# [The task]
Everything from the line with "牙科医生和护理人员在对孕妇进行外科手术时为图片" to the final line of the entries is to be set down exactly, except the pictures.
★ ★ ★ ★ ★
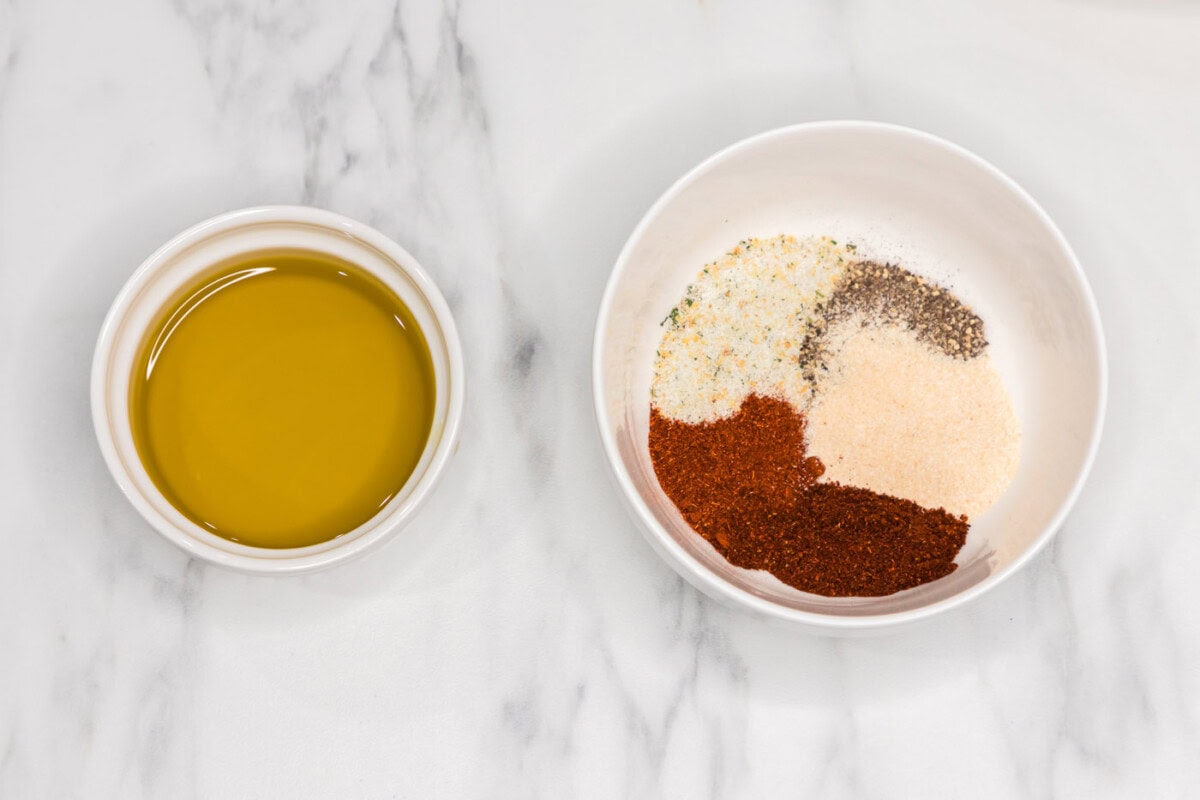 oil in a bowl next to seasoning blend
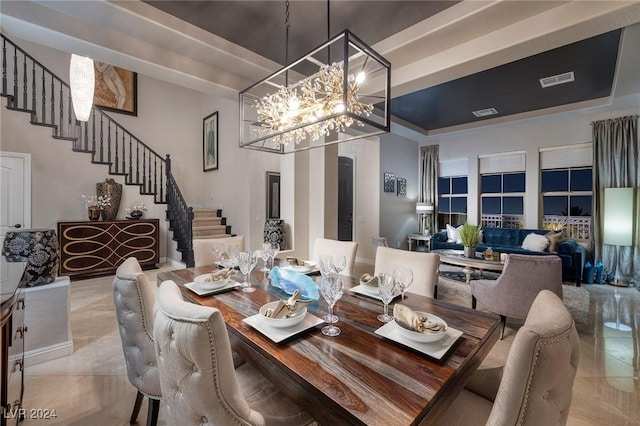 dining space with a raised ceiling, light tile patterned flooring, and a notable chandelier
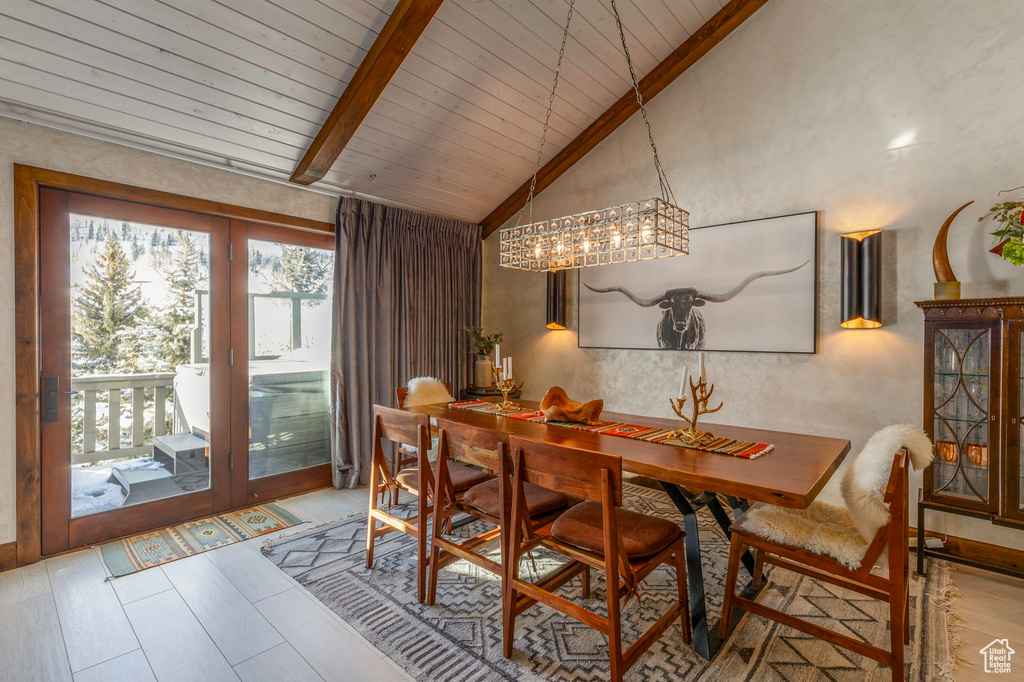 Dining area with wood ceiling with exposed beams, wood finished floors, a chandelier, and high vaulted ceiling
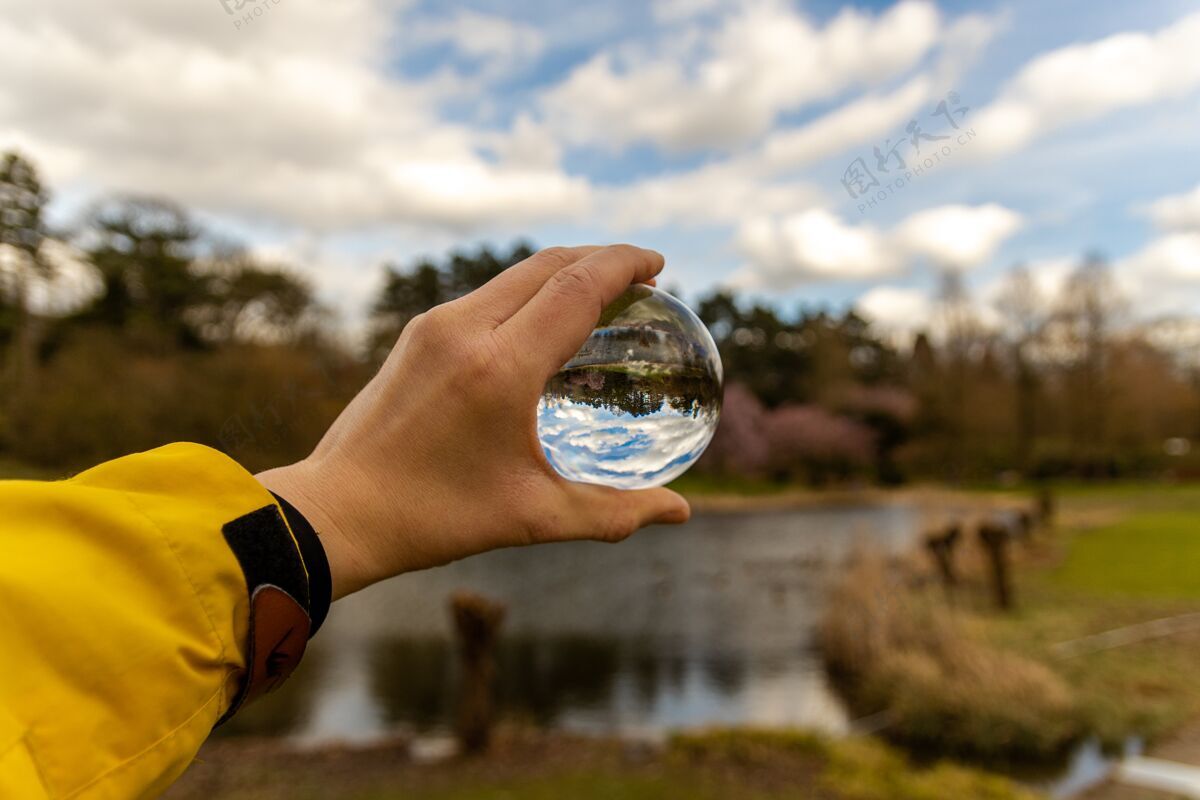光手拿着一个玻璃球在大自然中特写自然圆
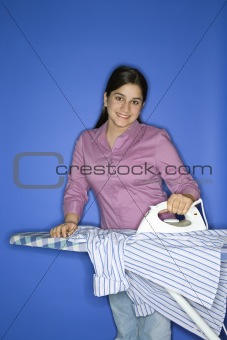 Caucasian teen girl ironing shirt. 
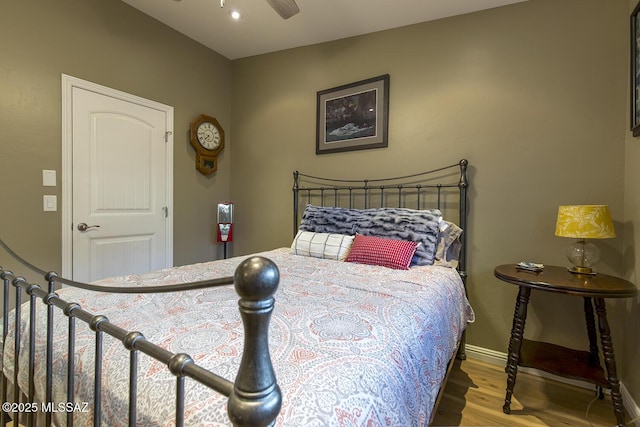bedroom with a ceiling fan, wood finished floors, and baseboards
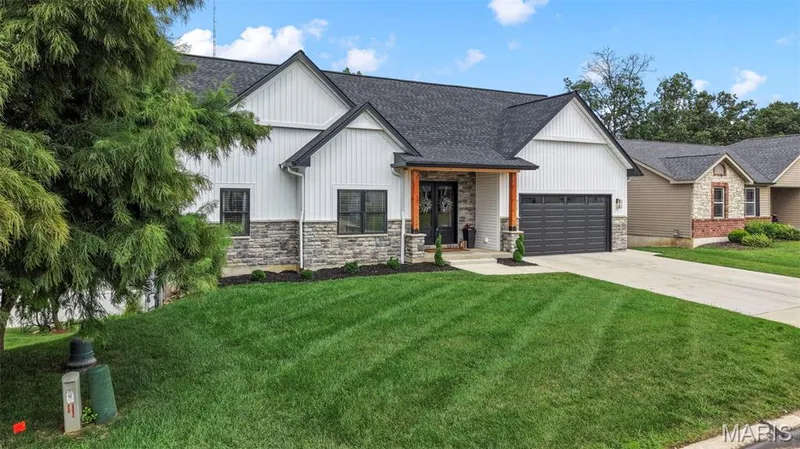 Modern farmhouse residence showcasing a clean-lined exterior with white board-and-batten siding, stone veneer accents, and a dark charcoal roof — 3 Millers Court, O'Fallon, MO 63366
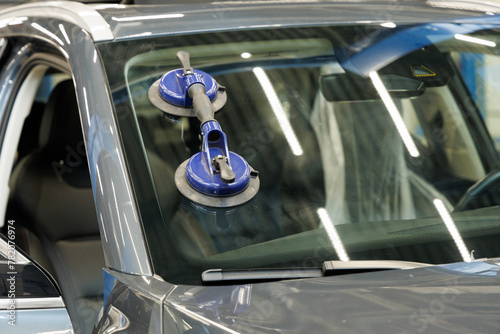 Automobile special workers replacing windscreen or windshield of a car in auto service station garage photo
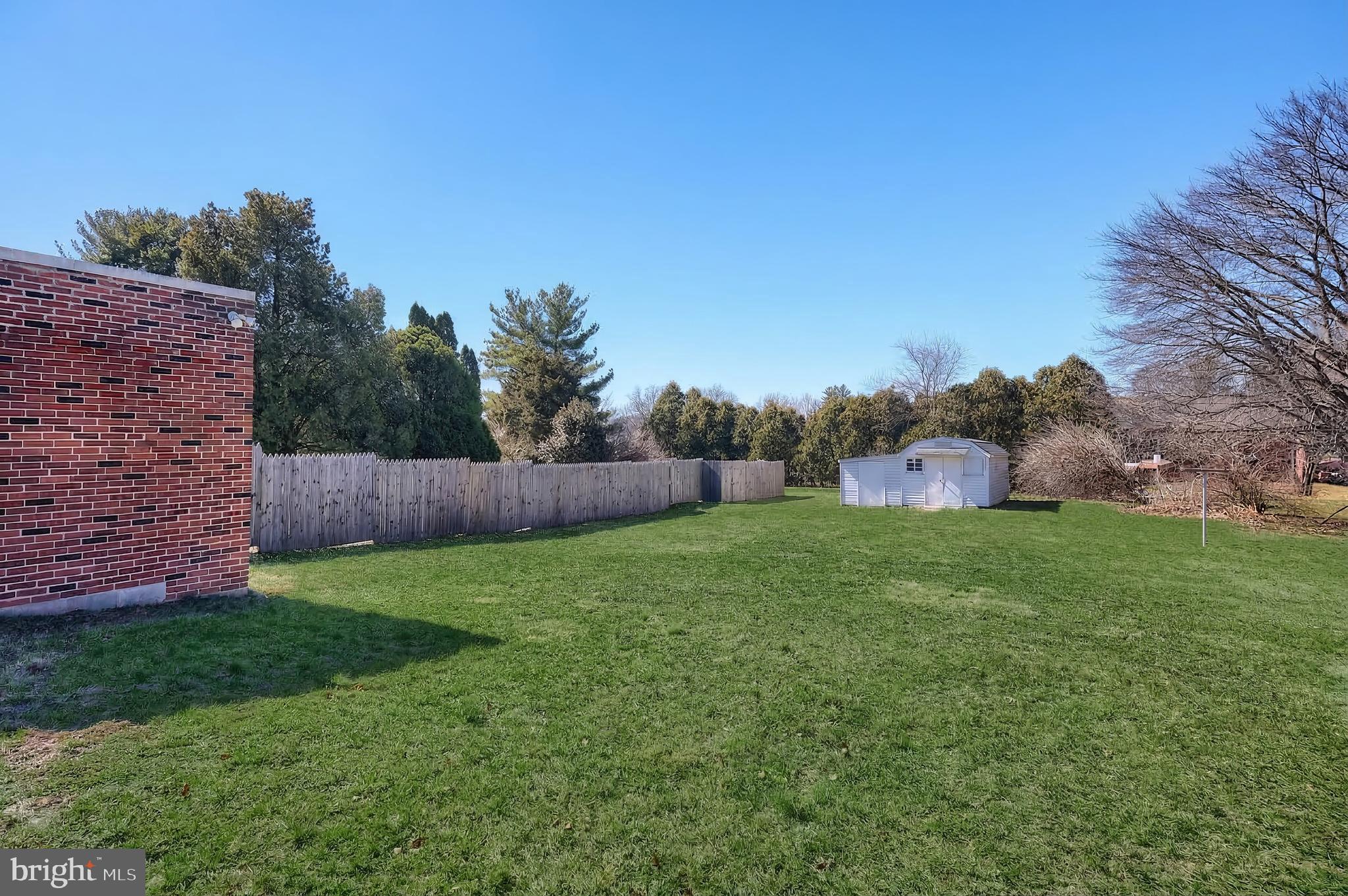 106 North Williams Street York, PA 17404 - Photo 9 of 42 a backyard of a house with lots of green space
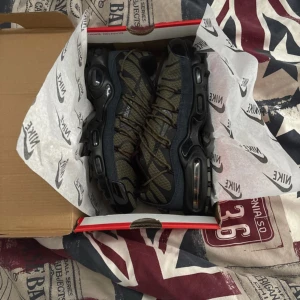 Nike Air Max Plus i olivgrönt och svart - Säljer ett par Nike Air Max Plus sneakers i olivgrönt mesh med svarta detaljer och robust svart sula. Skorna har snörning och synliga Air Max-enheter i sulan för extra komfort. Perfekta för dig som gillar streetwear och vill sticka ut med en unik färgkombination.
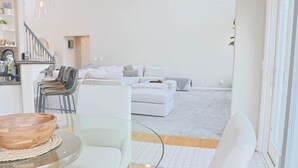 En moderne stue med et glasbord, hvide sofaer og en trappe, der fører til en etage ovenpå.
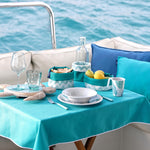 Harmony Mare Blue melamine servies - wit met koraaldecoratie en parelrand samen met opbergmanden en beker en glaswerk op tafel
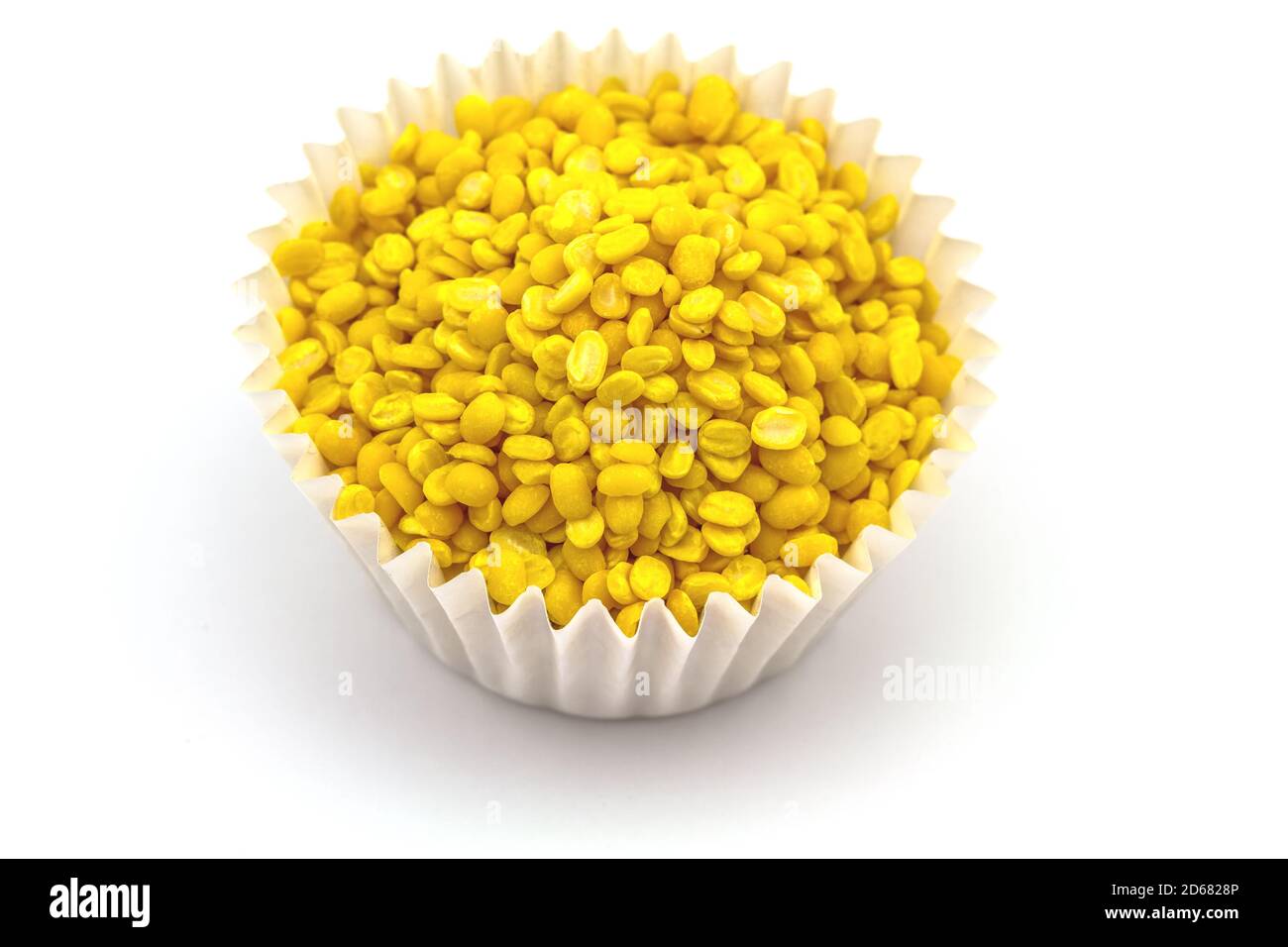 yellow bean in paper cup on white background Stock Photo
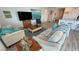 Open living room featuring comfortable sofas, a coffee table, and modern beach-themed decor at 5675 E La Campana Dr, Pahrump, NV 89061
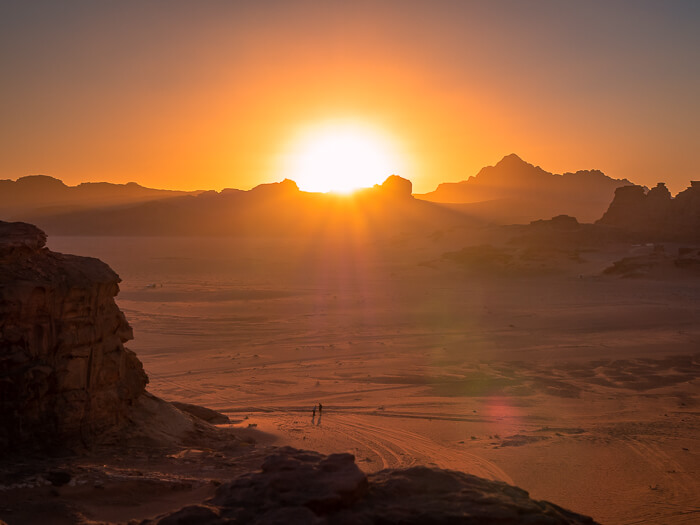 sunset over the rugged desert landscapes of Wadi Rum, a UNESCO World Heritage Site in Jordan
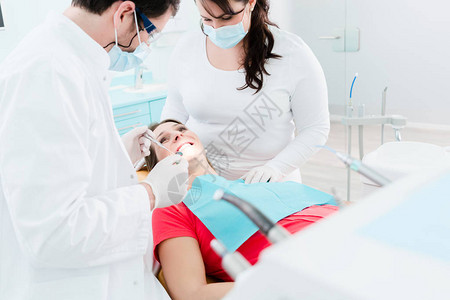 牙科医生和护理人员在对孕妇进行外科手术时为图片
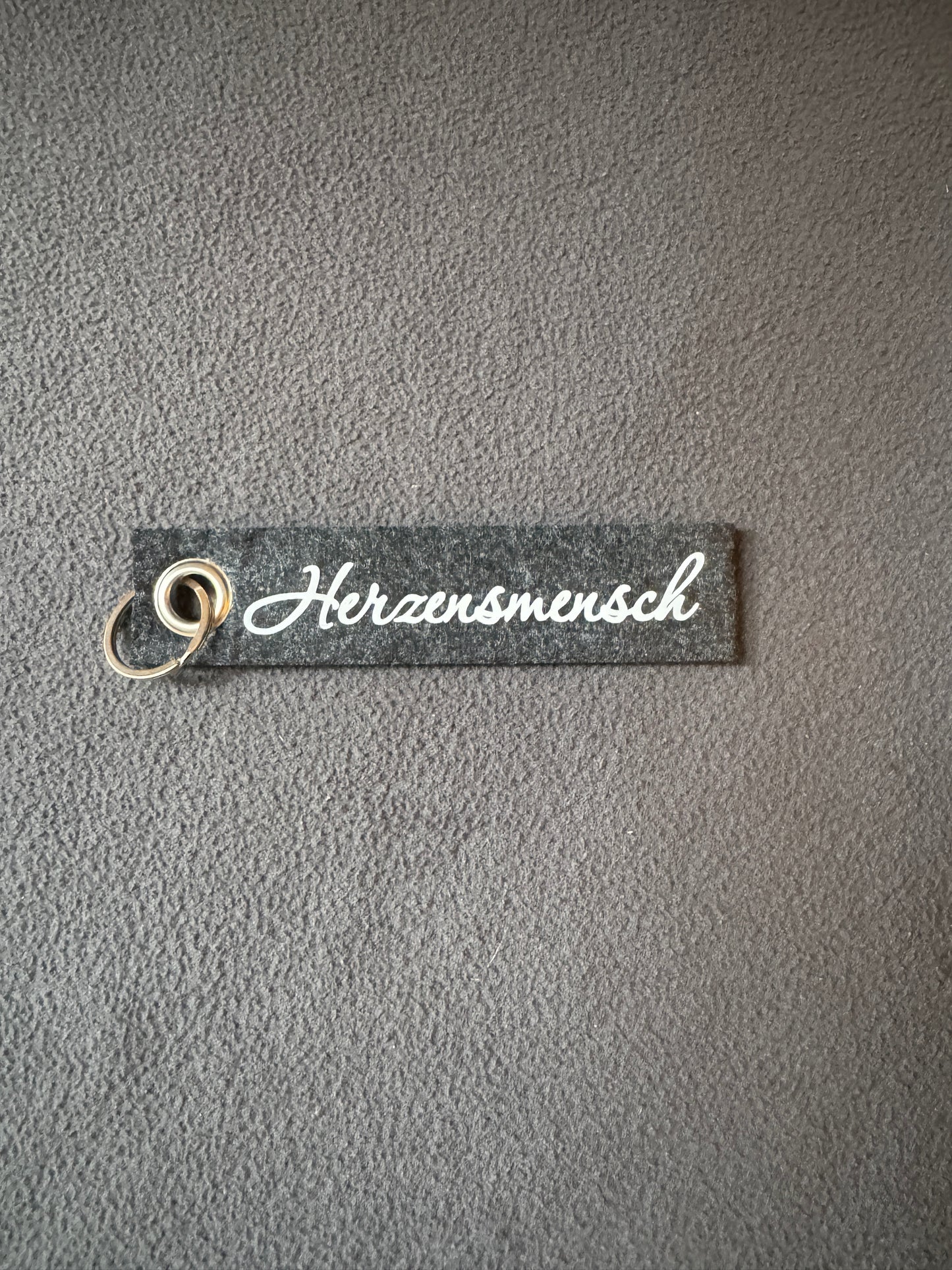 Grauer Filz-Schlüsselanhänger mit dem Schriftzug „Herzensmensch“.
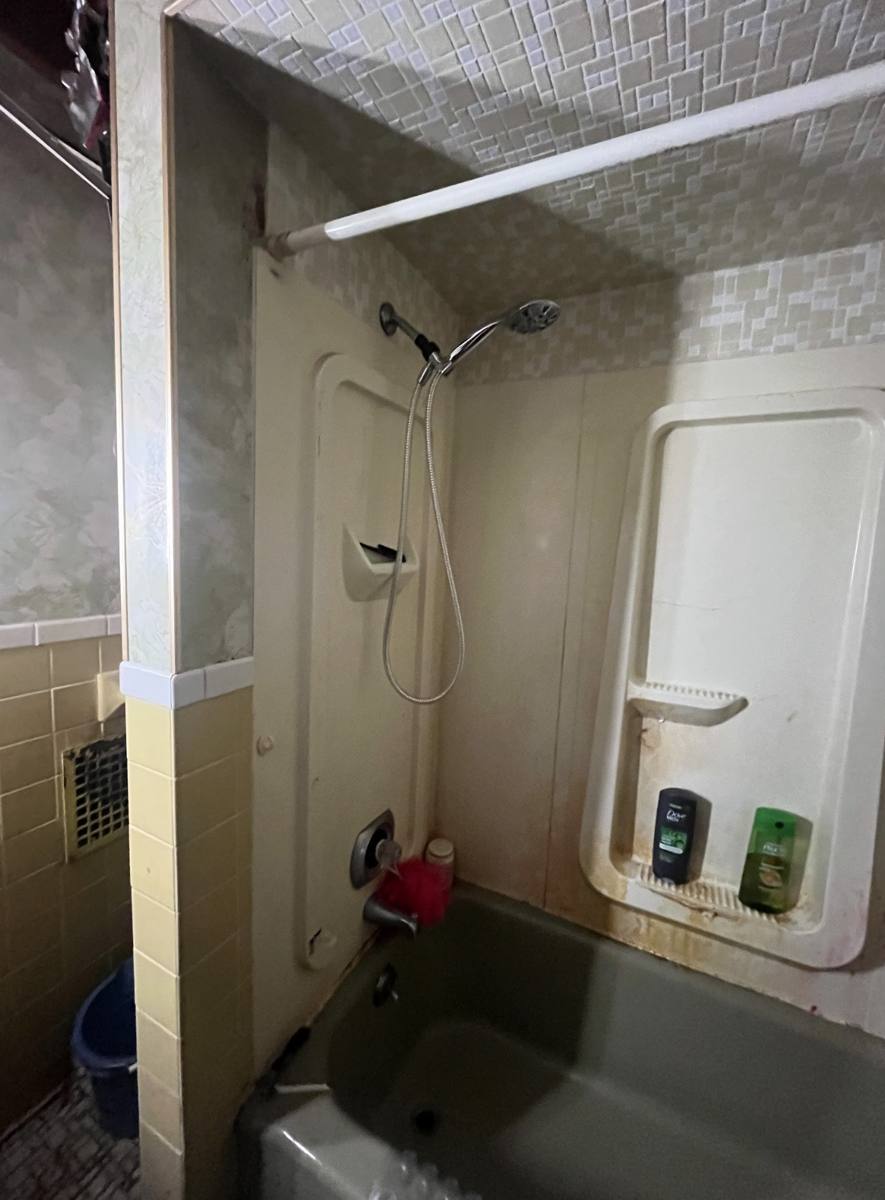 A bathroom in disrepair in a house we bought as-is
★ ★ ★ ★ ★
# [Your solution]
 牙科医生和护理人员在对孕妇进行外科手术时为图片
 Grauer Filz-Schlüsselanhänger mit dem Schriftzug „Herzensmensch“.
 A bathroom in disrepair in a house we bought as-is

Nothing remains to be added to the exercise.